Despite the grim subject matter, the story is really well told. For me, it made the whole desperate situation in Sudan and Darfur more personal, and gave me new insight into the lives of the Sudanese families we have encountered here in Utah. For a few years we were peripherally involved in helping recent immigrants from Sudan as they settled here in Salt Lake. The book filled me in on more of their cultural customs and what it must have been like to go from that society to this one. There are some quite funny stories actually, so don't make the mistake of thinking the book is all one long horror story. The author's attitude and spirit shine through.
I highly recommend this one if you get a chance to read it. The author is John Bul Dau.
This weekend we also saw The Kite Runner. I had read the book a couple of years ago. The movie was extremely well done, and as faithful to the book as any movie I've seen. I heard that the kid who played Hassan had to go into hiding with his parents as they feared Islamic (fundamentalist) backlash - I'm not sure if it was the subject matter, or the negative portrayal of Islamic fundamentalists in Afghanistan, or what. Oh well. Kudos to this movie - some sad/serious subject matter but the element of redemption in it came through.
Other random news: today is mom's birthday. Happy birthday MOM! I think she is in Italy on vacation. Hope she is having the time of her life.

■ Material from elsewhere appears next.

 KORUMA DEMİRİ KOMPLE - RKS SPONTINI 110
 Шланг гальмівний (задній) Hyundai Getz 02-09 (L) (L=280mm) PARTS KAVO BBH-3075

Last weekend I took Alex to a birthday party where they had a magician who performed for the kids, mostly 3-5 years old. It was a riot. The magician was silly and knew just how to appeal to that age group's sense of humor. He had them rolling on the ground. At one point he had a little house with a Cookie Monster that moved around in it, then disappeared, only to re-appear later peeking out from his belt in back. Alex keeps talking about the man who had "Cookie Monster in his pants" and while I know what she is referring to, I'm sure it sounds very odd out of context!